┌─ Task data

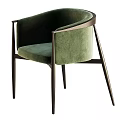 Modern Minimalist Leisure Chair With Brown Velvet Upholstery And Dark Metal Frame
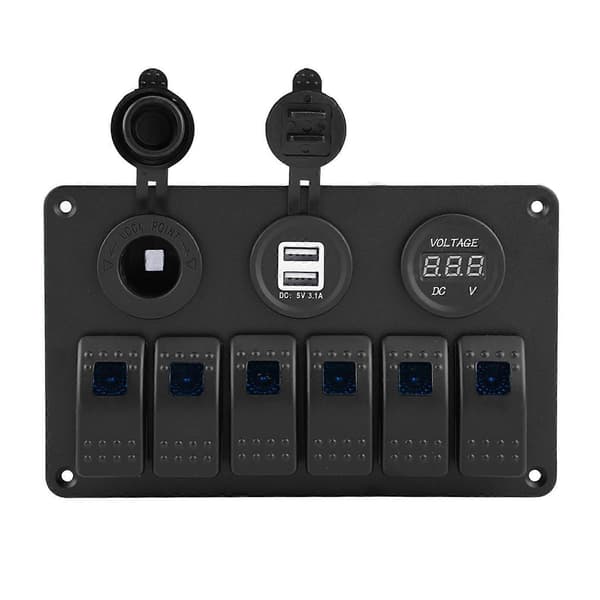 12V 24V 6-veis bilbåt LED vippebryterpanel Dobbel USB voltmeter sigarettenner blå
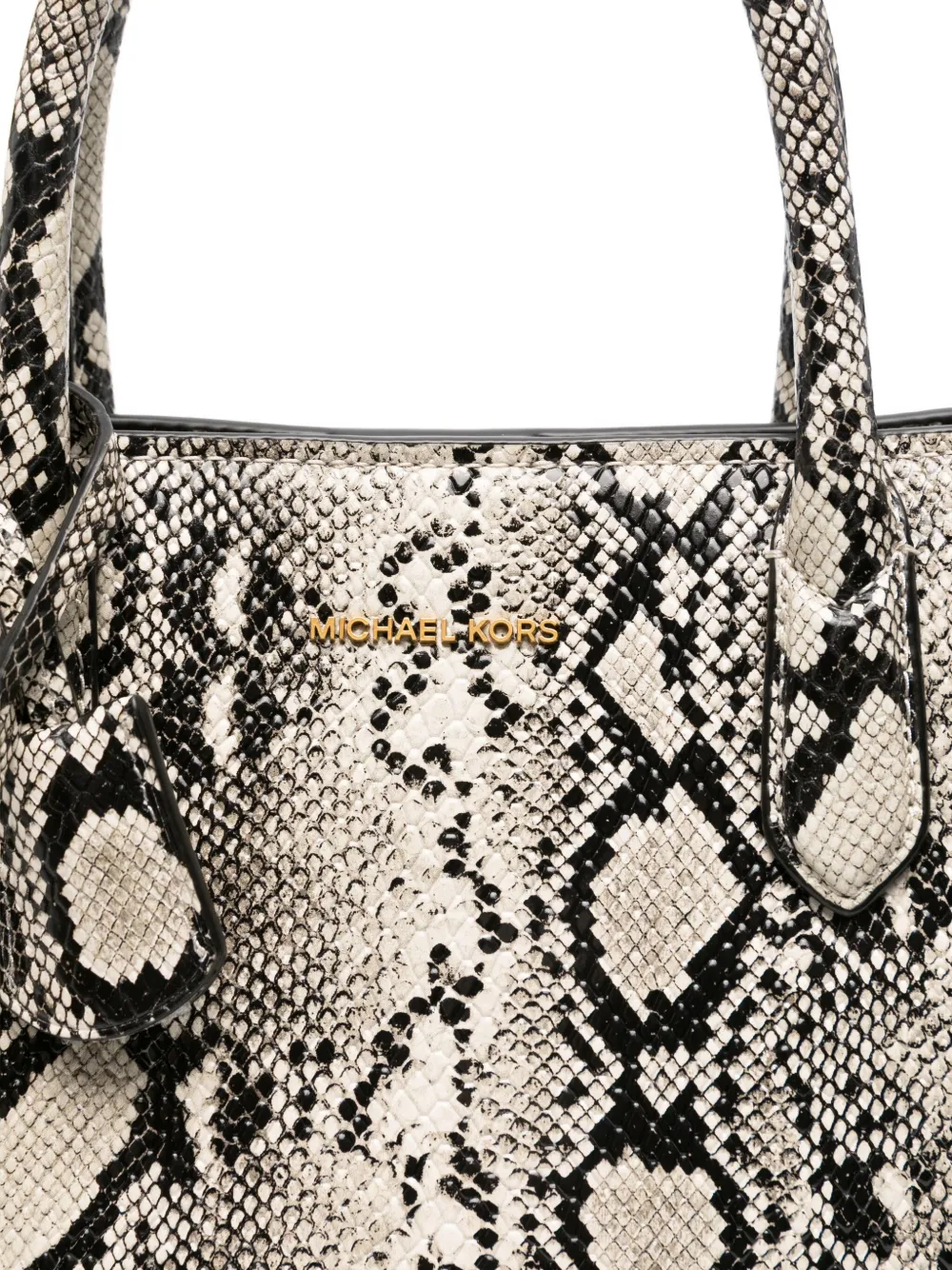Michael Kors Shopper met slangenhuidprint Beige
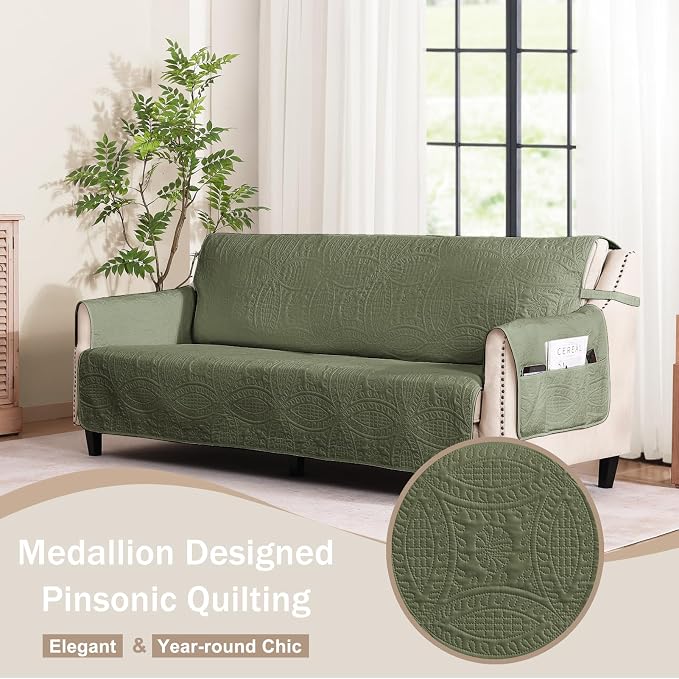 Olive Green Loveseat Covers for 2 Cushion Couch, Water-Repellent Slip Covers for Sofa, Washable Love Seat Quilted Couch Cover, Pet Friendly Loveseat Slipcovers (Loveseat 48", Olive Green) - Image 8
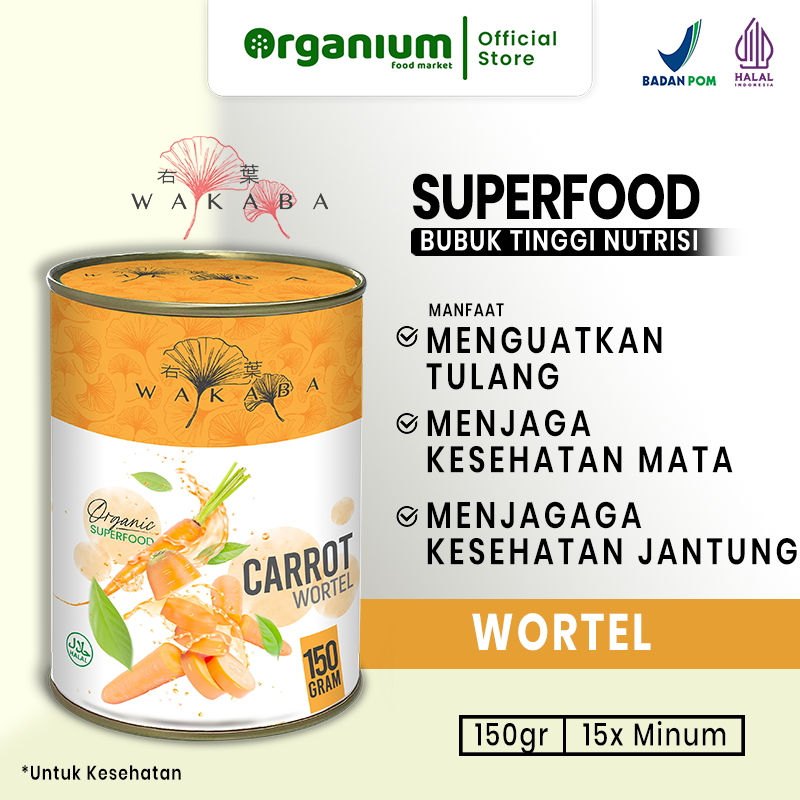 WAKABA Superfood Wortel , Suplemen kesehatan bubuk tinggi nutrisi dan vitamin - 150g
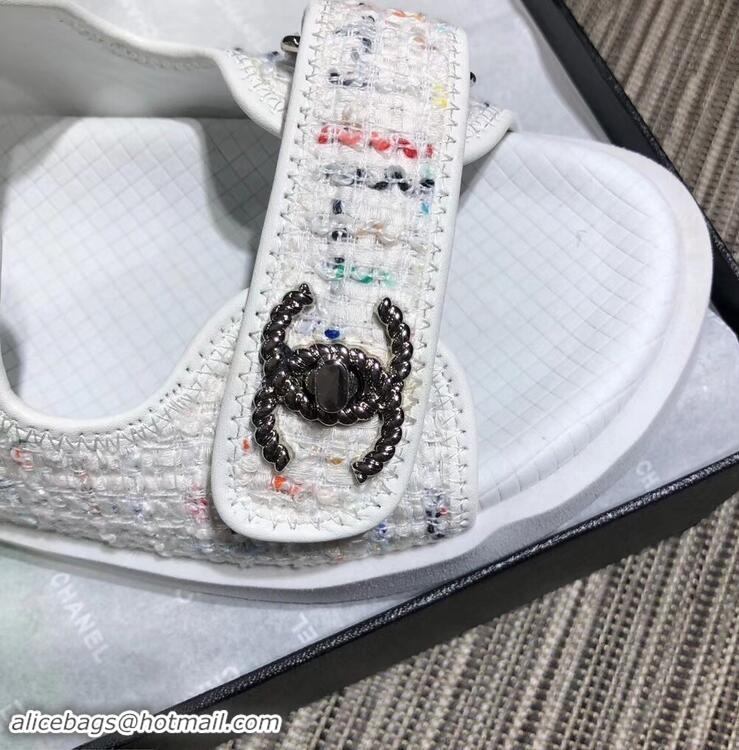 Cheapest Chanel Tweed CC Logo Magic Loop Sandals G34726 White 2019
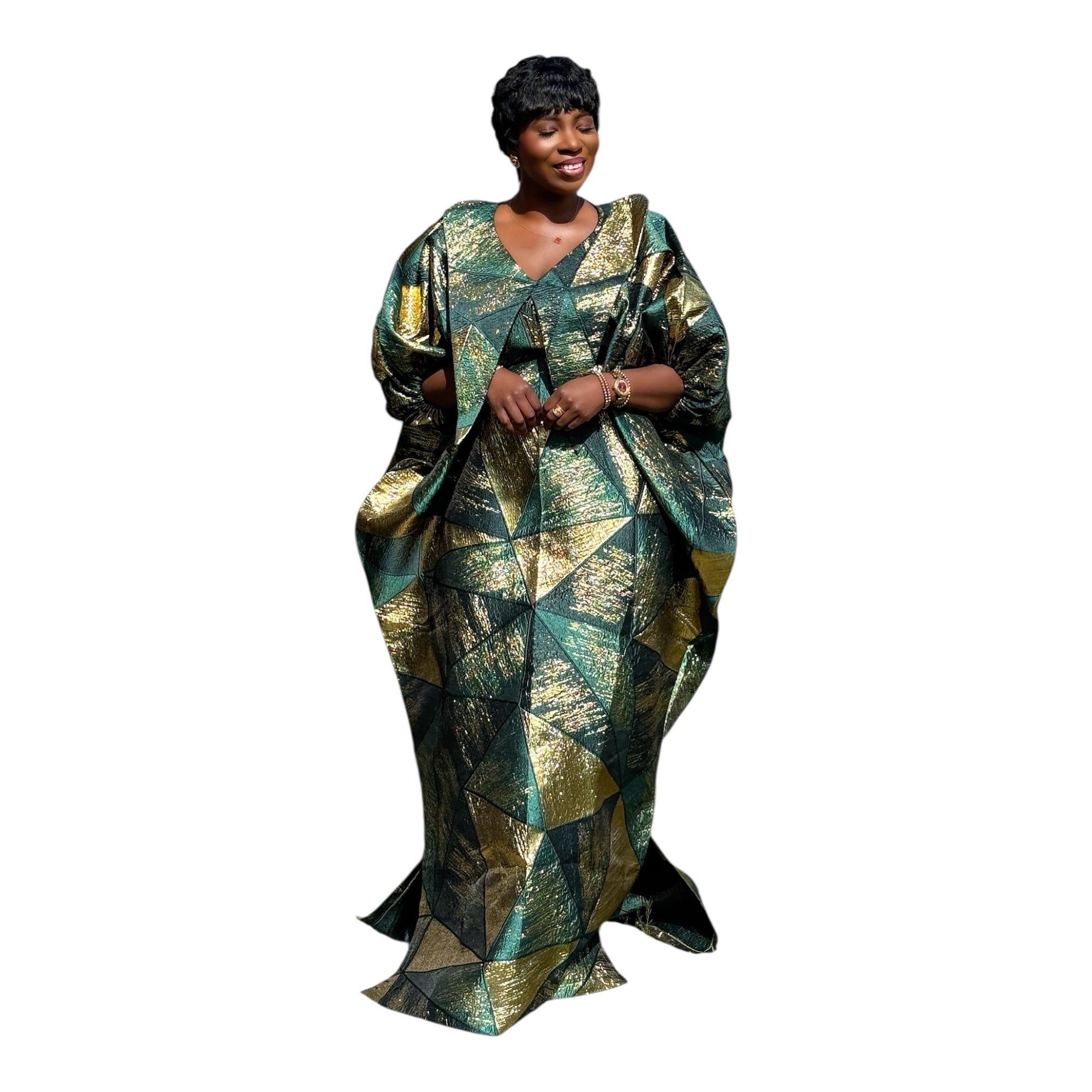 Maya  Luxury Brocade boubou dress with head wrap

└─

— What the task asks —
Give back exactly the lines from the first line of the data through the line with "Michael Kors Shopper", pictures excluded.

— Answer to the exercise —
 Modern Minimalist Leisure Chair With Brown Velvet Upholstery And Dark Metal Frame
 12V 24V 6-veis bilbåt LED vippebryterpanel Dobbel USB voltmeter sigarettenner blå
Michael Kors Shopper met slangenhuidprint Beige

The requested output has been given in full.